You cant possibly expect your dm to carry on babysitting when she lives five hours away

does she ever get a break she has a sn child to look after ten her day off (i assume) is travelling to look after your child its jut too much

you mil could have said no i guess if she knew she woldnt be allowed to g on holidays but shes also entitled to a life

BrokenWing · 22/09/2022 17:22

ThermoSpooklear · 22/09/2022 14:50

I can't help but feel like she's being taken advantage of.

By you! Pay for childcare and take the pressure off your mum who is under no obligation to do this.

Copied that same statement to quote in my post and you bet me (and many other posters to it!)

OP your MIL is not a reliable childcare option. She has her own life and is obviously enjoying it.

Expecting your own mum, an pensioner who already has their own caring responsibilities, to travel a 10 hour round trip to give you a day of childcare is absolutely ridiculous.

You need to find and pay for childcare in your own area. What would you do if you mum was unavailable to ever do childcare again? That is what you need to do now.

templesit · 22/09/2022 17:35

You're so lucky to have any free childcare. I can't believe your dm travels 5 HOURS (or did you mean miles which isn't so bad?)

Either way your mum sounds like she needs the day she looks after your dc to actually look after herself!

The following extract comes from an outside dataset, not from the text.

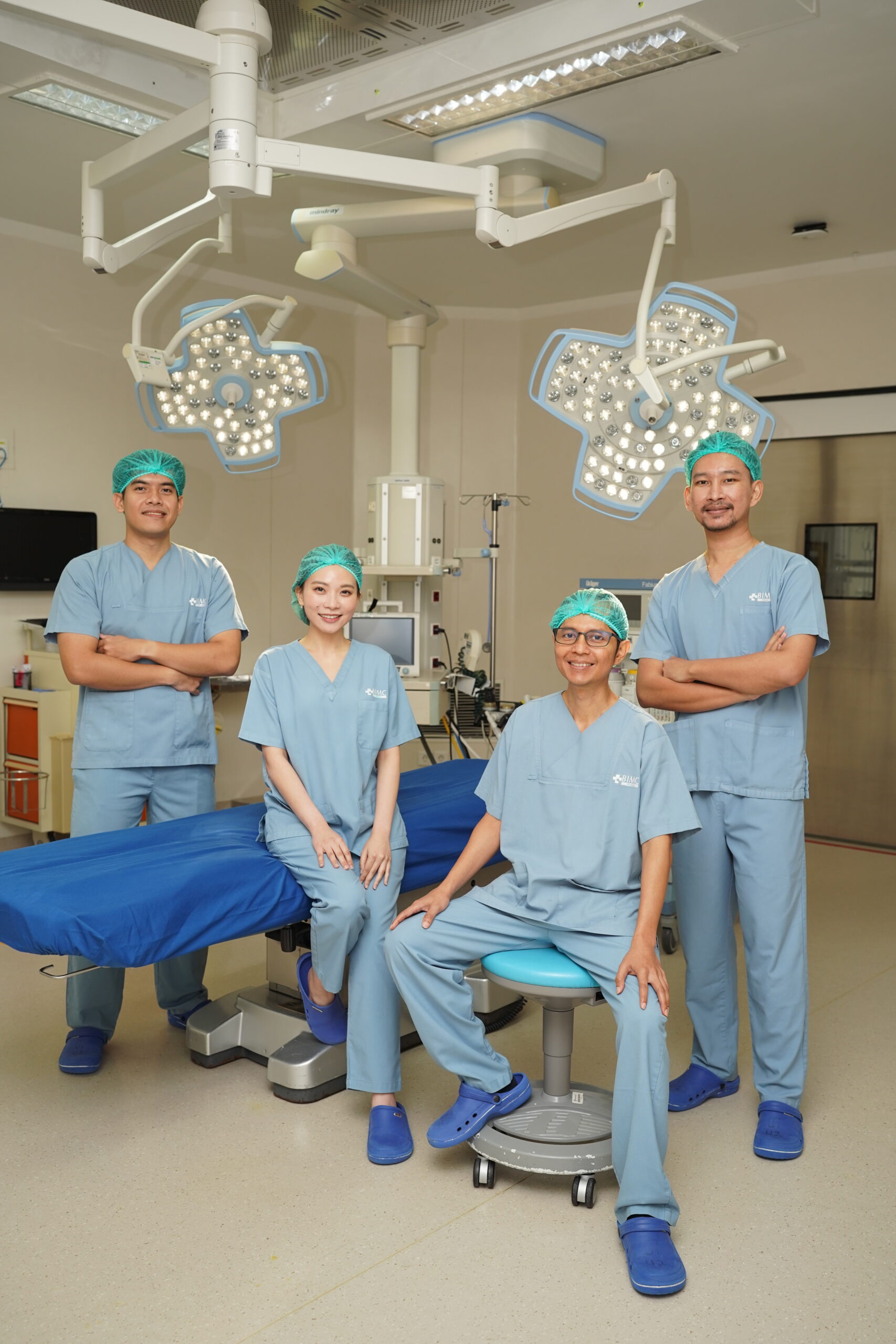 The BIMC CosMedic Bali plastic surgery team wearing their medical uniforms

A friend of mine worked for £20 a day after childcare was taken out. That's just the way it is.

It sounds like your reason for being closer to your mum is solely to suit YOU and so you're life is easier (and you get your dp all the time) and easier for YOU when she has to look after 2 kids.

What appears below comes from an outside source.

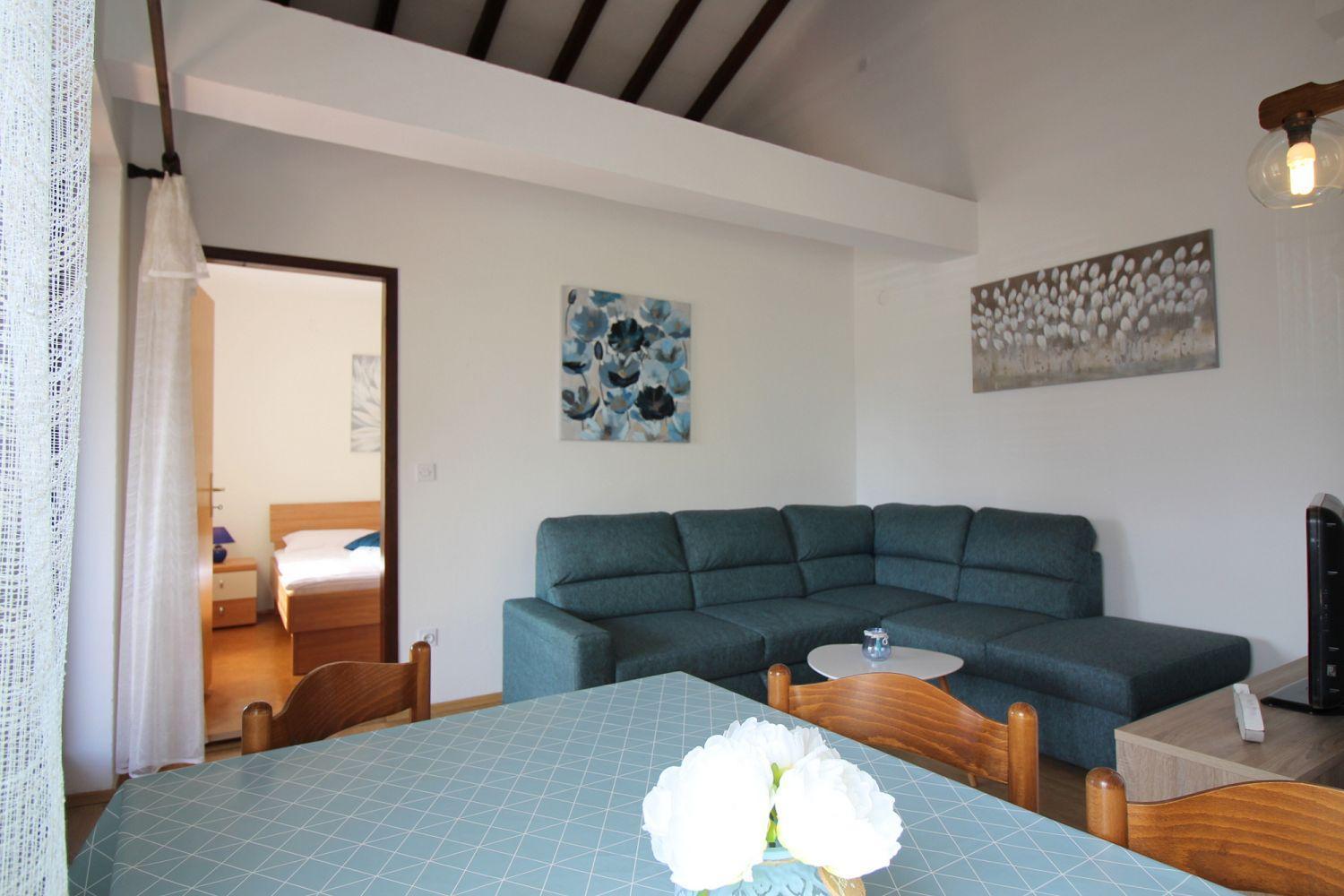 Apartment Charmantes Mit Privatem Balkon, Privatparkplatz, Wifi Und Nur 700 Meter Zum Poreč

I think mil has a life and although loves your dc also enjoys having a life to do what she chooses.

I think you should move wherever you and dad can use childcare so dm and mil can have the bond with grandchildren without the pressure of childcare.

RedDragon26 · 22/09/2022 17:40

Wow. Lots of very judgemental responses here for a situation that is causing my family a lot of pain. But I guess everyone is entitled to their opinion. Maybe I should clarify some things:

My mother desperately wants to be involved with my son and has been really upset when I've suggested that the current arrangement is too much for her. In fact she suggested she does more days. She didn't get to be a part of her step-grandchildren's lives and that was miserable for her. Prior to me returning to work she travelled up at least every fortnight to stay with us anyway. In no way would I want to exploit my own mother and in no way do I feel entitled to free childcare which is why this situation is difficult.

My brother has significant mental health issues and is living in residential accommodation where he gets care and support during the week. My partner and I help pay for this because my mother couldn't afford to and although we're happy to help, this makes it harder for us to afford childcare. My mother usually visits him every day so on the days she's with us he goes out with his care team.
I have another brother who is living in London who also has additional needs and who I care for. My mother comes to visit him for a few days whenever she cares for my son. There's a lot of care needs in our family and we're all trying to support one another as best we can, it's an arrangement that works for our family. My worries were purely about the childcare agreement not being equally distributed and how to have that conversation with both grandparents.

In response to the person who suggested I 'shouldn't have kids if I can't afford them'..... I am 40 years old and work in a professional NHS role which requires a masters degree. I'd love to be able to afford London childcare costs or just stop working, but due to extremely long working/shift hours which would mean that I need nursery and wrap-around childcare AND my other significant responsibilities, it's just not an option. I recognise that this isn't a sustainable situation and am trying to resolve this for my family by selling our house and moving to a cheaper area. I am not sure how it's helpful to berate women as 'entitled' when they're doing the best they can to muddle through with a childcare system which is seriously flawed for working parents.